I heard someone on a podcast reframe the idea of “writer’s block” as “idea bankruptcy.” He argued that those who are experiencing “writer’s block” are really at a loss for ideas. Conversely, he suggested, artists brimming with ideas don’t face writer’s block.
I like this reframing of “writer’s block” as “idea bankruptcy” because pins creative output to ideas, plans, and project based creativity. And because it offers a practical solution: if you’re experiencing symptoms of writer’s block, just sit down and drum up some plans.
But if someone can have a paucity of ideas, then certainly someone can have too many of them. Having too many creative ideas might be the opposite of idea bankruptcy: idea glut.
Idea glut is the paralyzing sensation of having too many creative ideas. The sheer number of ideas diminishes the value of any one of them. Why? Because when we have too many ideas, we find it hard to focus on and develop the few. It is akin to the paradox of choice, where having too many options can hinder decision-making and progress.

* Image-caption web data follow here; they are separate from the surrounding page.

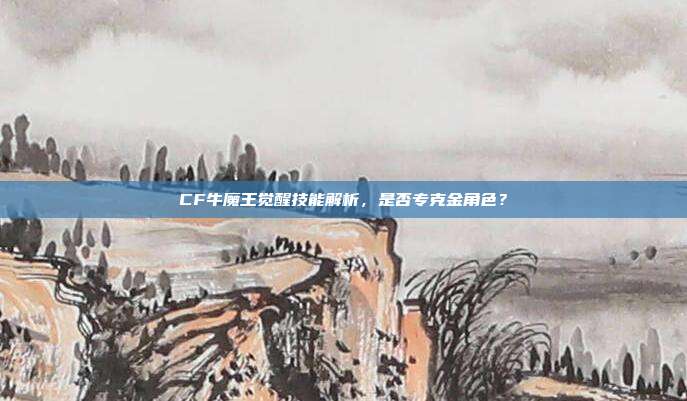 CF牛魔王觉醒技能解析,是否专克金角色?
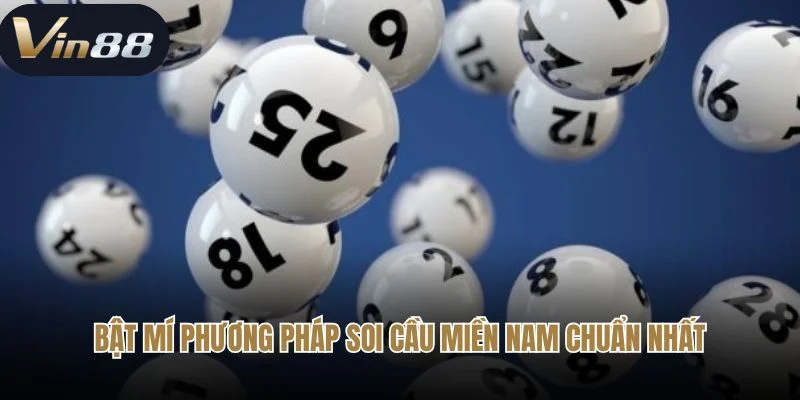 Bật mí phương pháp soi cầu miền Nam chuẩn nhất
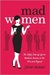 Mad Women by Jane Maas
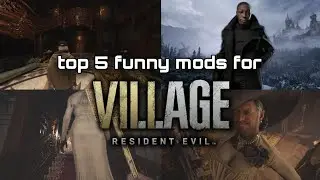 Top 5 Funny Resident Evil Village pc Mods Gameplay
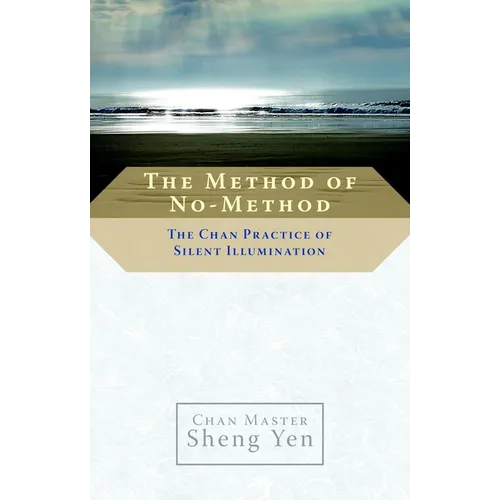 The Method of No-Method: The Chan Practice of Silent Illumination - Paperback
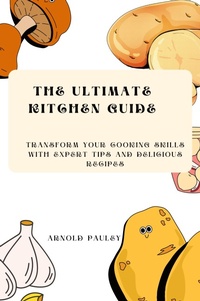 Abbildung von: The Ultimate Kitchen Guide - Arnold Pauley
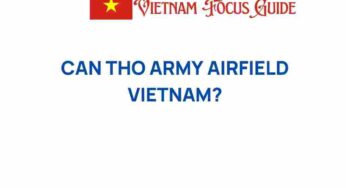 Unveiling Can Tho Army Airfield: A Hidden Gem of Vietnam’s History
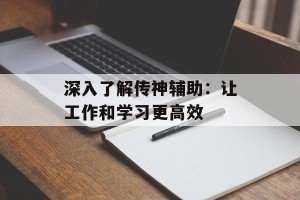 深入了解传神辅助：让工作和学习更高效
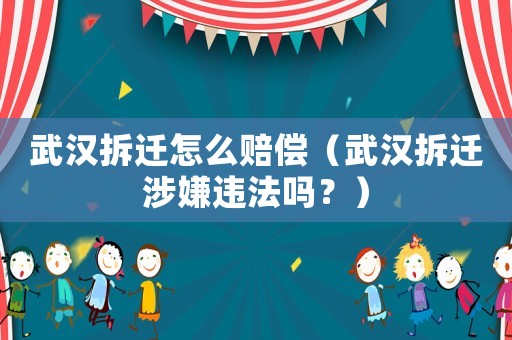 武漢拆遷怎么賠償（武漢拆遷涉嫌違法嗎？）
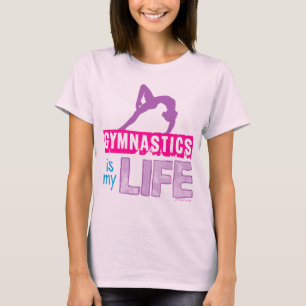 Gymnastics Is My Life T-Shirt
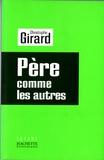 Christophe Girard - PERE COMME LES AUTRES.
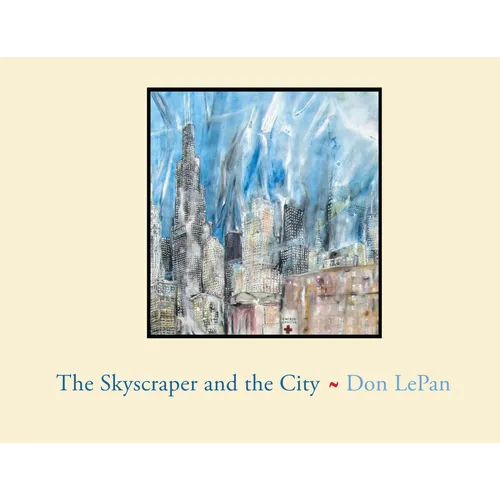 The Skyscraper and the City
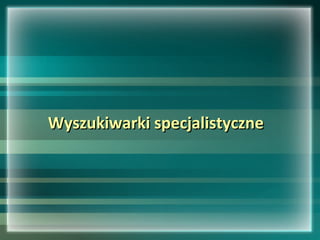 Wyszukiwarki specjalistyczneWyszukiwarki specjalistyczne
 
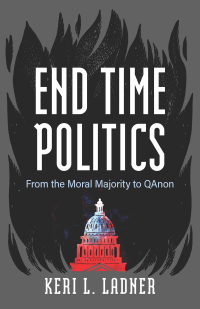Immagine di copertina: End Time Politics 9781506493909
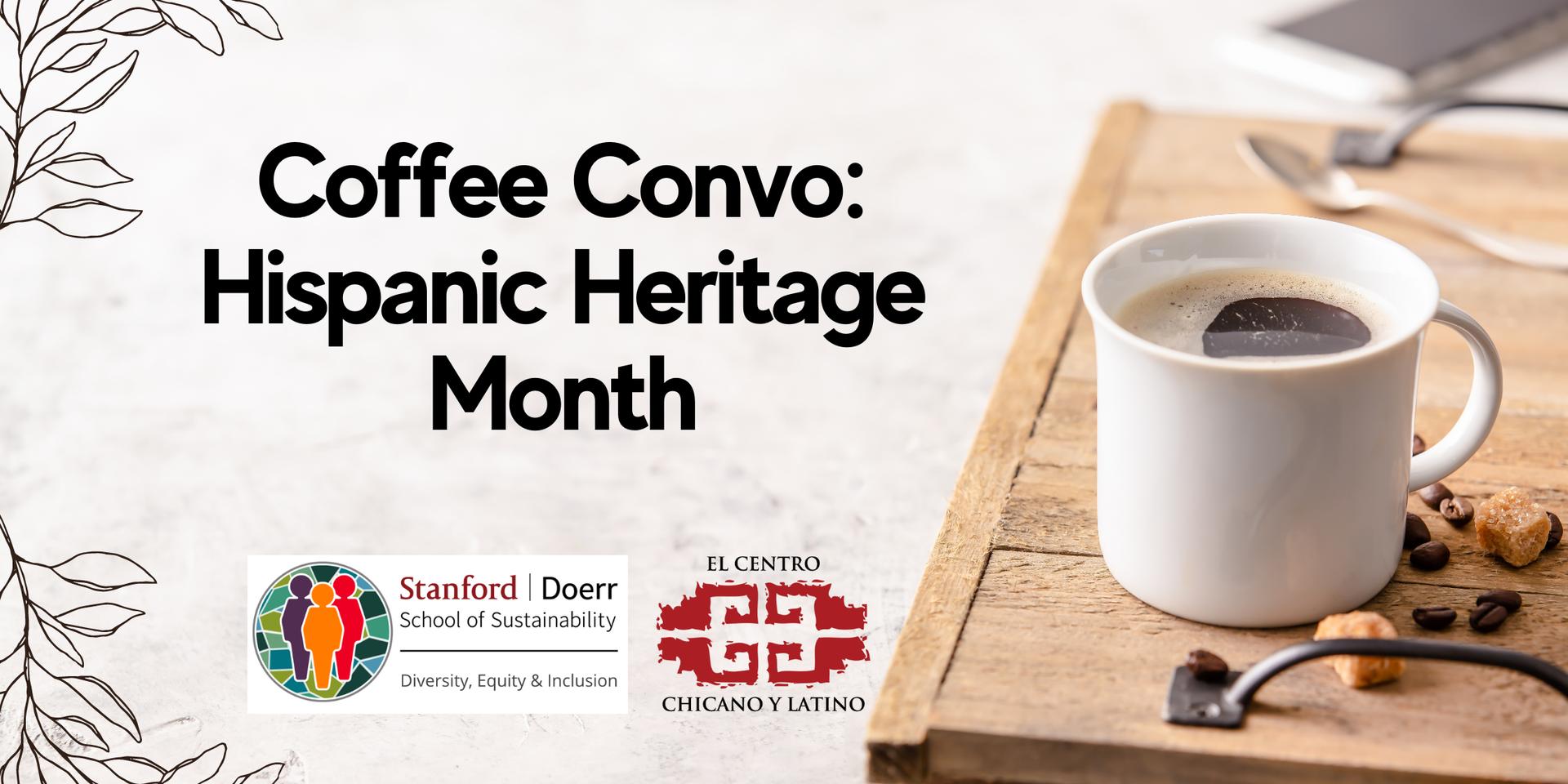 Cover Image for Coffee Convo: Hispanic/Latinx Heritage Month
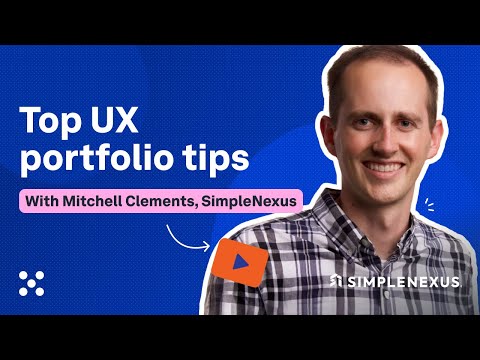 Top UX portfolio tips - crafting compelling case studies with Mitchell Clements | UX Insiders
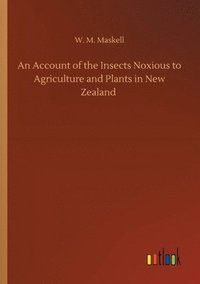 bokomslag An Account of the Insects Noxious to Agriculture and Plants in New Zealand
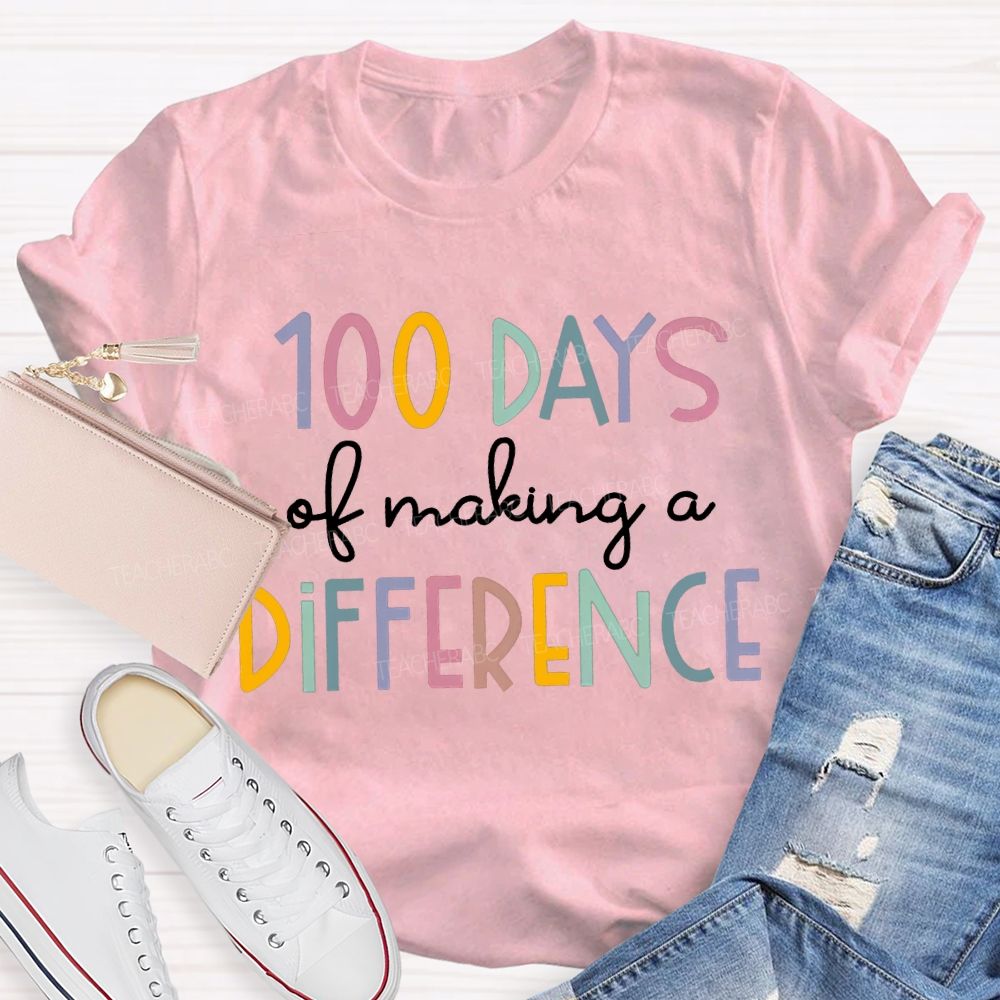 100 Days Of Making A Difference Colored Fonts T-shirt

The sweet spot is perhaps somewhere in the middle, in a goldilocks zone of creative ideas between “idea bankruptcy” and “idea glut” where you have enough ideas to fuel continuous creativity, yet not so many that you’re immobilized by choice.
I suffer from idea glut. I am currently trying to deal with it. I have too many ideas, too many options, too many open tabs. I need to close most of them to focus on the ones that matter most.
The million-dollar question remains: how does one navigate from the extremes of “idea bankruptcy” or “idea glut” to the prosperous middle ground?